„Hier ruhen die Überreste von 18.000 unschuldig umgekommener und erschossener Landsleute. Die Wahrheit über die Orte der Massengräber und der Gründe ihres Todes wurde viele Jahre verschwiegen. Heute kennen wir ihre Namen. Lauf langsamer. Entblöße dein Haupt vor den Gräbern.“ 


So heißt es auf einer Gedenktafel an der Gedenkstätte zur Erinnerung an die Opfer der Verfolgung der 30er bis 50er Jahre des stalinistischen Terrors 12 km außerhalb Jekaterinburgs. Es ist bedrückend die Namen so vieler Ermordeter unterschiedlichster Nationalitäten zu lesen: Russen, Deutsche, Finnen, Balten, Koreaner… – und die meisten Opfer sind aus den Terrorjahren 1937/38. – „An jedem 28. August erinnern wir uns als lutherische Gemeinde an das Erlittene,“ erzählt Pastor Waldemar Benzel. „Denn zu unserem Glauben gehört das Erinnern.

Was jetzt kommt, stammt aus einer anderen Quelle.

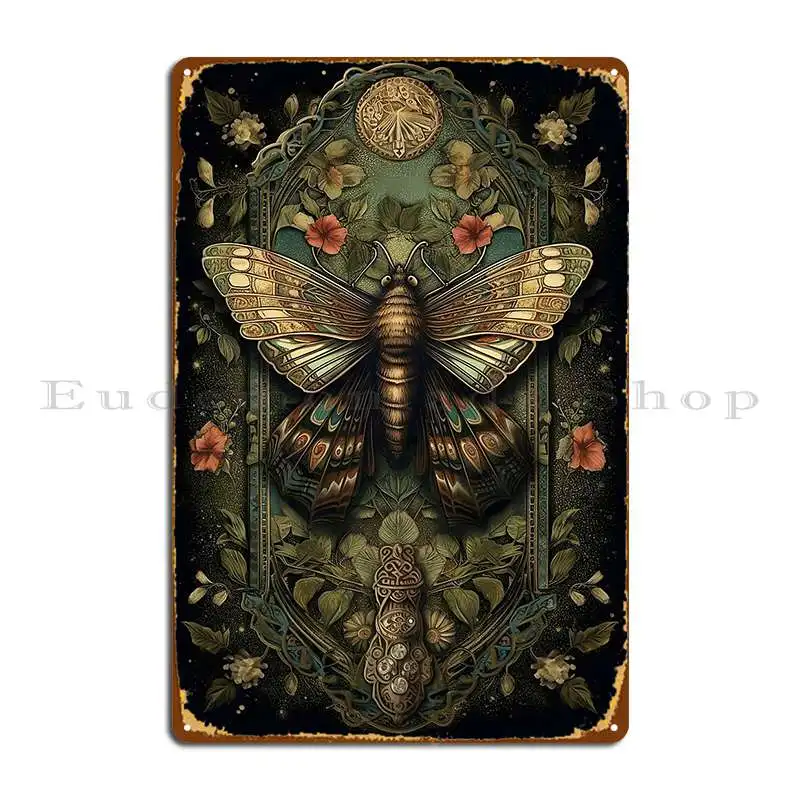 Magical Moth Metal Plaque Poster Wall Plaque Pub Club Character Designing Tin Sign Poster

Ohne Erinnern keine Versöhnung.“ Und er fährt fort: „Es ist bewegend zu hören, was unsere Gemeindemitglieder an diesem Tag aus ihren Familiengeschichten erzählen. Für die Rußlanddeutschen wird an diesem Tag an einen Erlass Stalins erinnert. Der schwarze Tag der Rußlanddeutschen im Jahre 1942.“ Selbst hat er genügend eigene Geschichten aus seiner Familie und der Familie seiner Frau zu erzählen. Sein Großvater wurde willkürlich verhaftet. Er sollte seinem Glauben abschwören. Seine Frau flehte ihn an, das nicht zu tun. Hätte er es gemacht, dann wäre er nicht sechs Jahre in Lagerhaft gekommen. Er hat es überlebt.  – So unendlich viele Leidensgeschichten und Einzelschicksale gibt es. Erschüttert steht man vor der langen Reihe von Namen, wie z.B. der Familie Wagner, die 1938 ausgelöscht wurde – Vater, Mutter und zwei Kinder…

Die lutherische Kirche wird auf einem ehemaligen lutherischen Friedhof errichtet. Geplant ist es, an der Kirche ein Gedenkkreuz zu errichten, um an die Verstorbenen zu erinnern, die einstmals hier zu Grabe getragen wurden und an die es kein Erinnern gibt. Ohne Erinnern keine Zukunft. Hier liegt eine wichtige Aufgabe, für die Kirche einstehen muss.